Before birth, babies receive all their nourishment through the umbilical cord, a tube that runs from the placenta, on the inner wall of the uterus, to the baby’s navel. This is how the baby gets all her food, liquids, and oxygen, and it remains quite literally her lifeline until she enters the world. Cutting the umbilical cord is one of the first things that happens after birth, and clamping it shut—which, along with the cutting, is painless as there are no nerves in the cord—happens soon thereafter, leaving the baby with a
shriveled, someone funny-looking stump.
How long does the stump stay?
At birth, the umbilical cord is firmly fixed in the baby’s navel (it has to be so that no nourishment is lost inside the womb) and cannot be removed without risking pain or excessive bleeding for the baby, so the standard procedure is to let it dry up and fall off on its own. This typically happens within two weeks, but it can take up to three or even a little longer.
When the umbilical cord falls out, it makes a wound that might bleed a little at first and may take a few days to fully heal. After that, the navel will continue to look red and scabby for quite some time, often for months, but it no longer bleeds or gives the baby any discomfort.
Caring for the stump
When the stump is still attached, the most important thing is to be gentle with it. There are newborn diapers that have a special cutout that goes around the stump, but these are not strictly necessary as you can always just fold down the front of the diaper. When it is warm enough, it is always a good idea to give the stump exposure to air, as this will speed the drying process and help it fall off faster. In any case, for the time being it is best to avoid onesies and other types of outfits that prevent the circulation of air to the baby’s belly.

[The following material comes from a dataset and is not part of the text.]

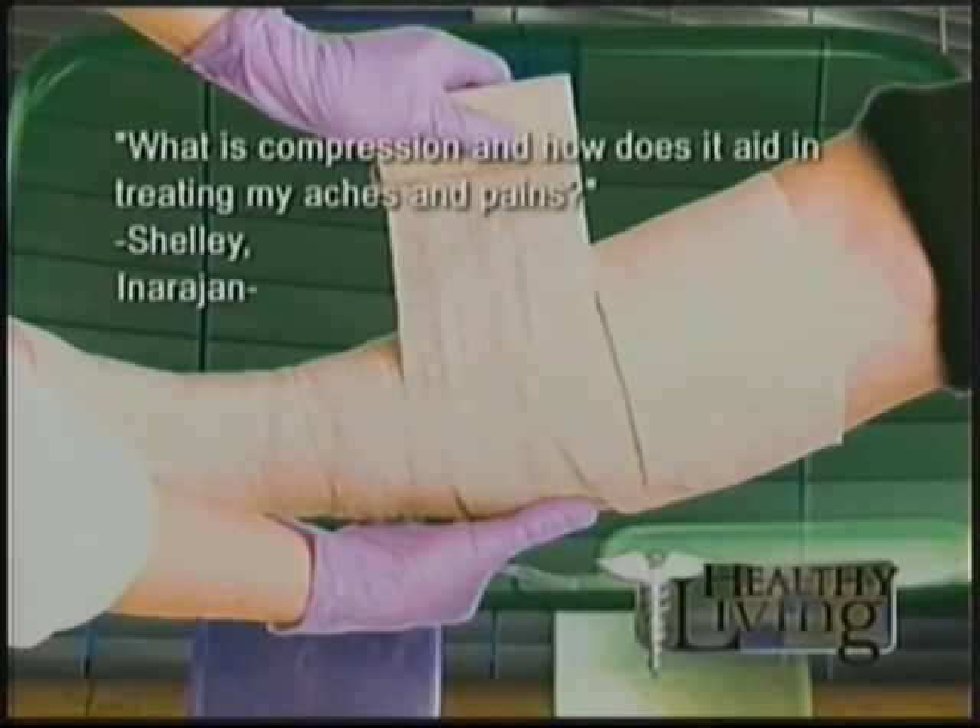Our last question: what is compression, and how does it aid in treating aches and pains? — from Shelly from Anahan. Compression prevents swelling and inflammation — congestion. You want blood going in but also toxins going out. You can tape ankles and wrists prior to exercise if they're recurrently injured, or use an ace wrap after injury. Always wrap from the bottom to the top to bring blood up toward the heart, to reduce inflammation and speed up healing.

Some pediatricians recommend taking measures to prevent infection around the stump, usually by swabbing the area with rubbing alcohol. There are different schools of thought when it comes to this practice, though, so talk to your pediatrician about what he or she thinks is best.

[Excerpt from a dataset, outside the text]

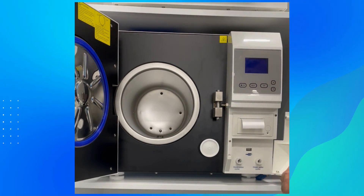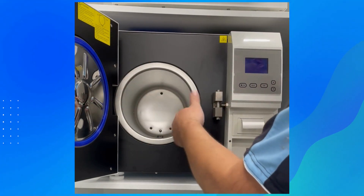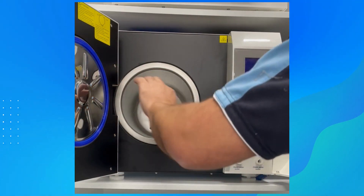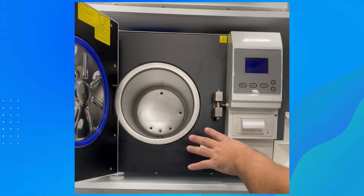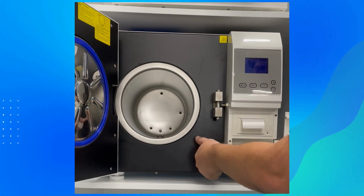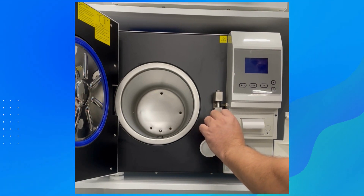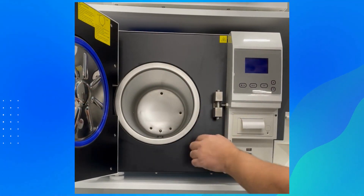Another part of maintenance, once a week or fortnight, is if you see any residue inside the chamber, get a damp cloth and wipe the inside and the door seal and around the sides. This allows the door seal to seat correctly and prevents vacuum leaks. Also, depending on your location, every three to six months change the bacterial filter — if it turns black, it needs changing immediately, as a dirty filter will affect the machine's efficiency.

After some days, you may notice the stump beginning to fall off, and at some point it may even seem to be hanging by a small piece of flesh. Resist the temptation to try to pull it off. There is no need to rush the process, and pulling it off may cause pain or bleeding. Be patient, and let it happen naturally.
After the stump falls off
When the stump falls off, there may be a small amount of bleeding. There is not much you can do about this, but what you can and should do is clean the area regularly. Dab it with a cloth soaked in warm water and gently pat it dry. If everything is normal, the wound should soon stop bleeding and will heal after a few days. If the bleeding seems excessive or does not stop, contact your doctor as soon as possible.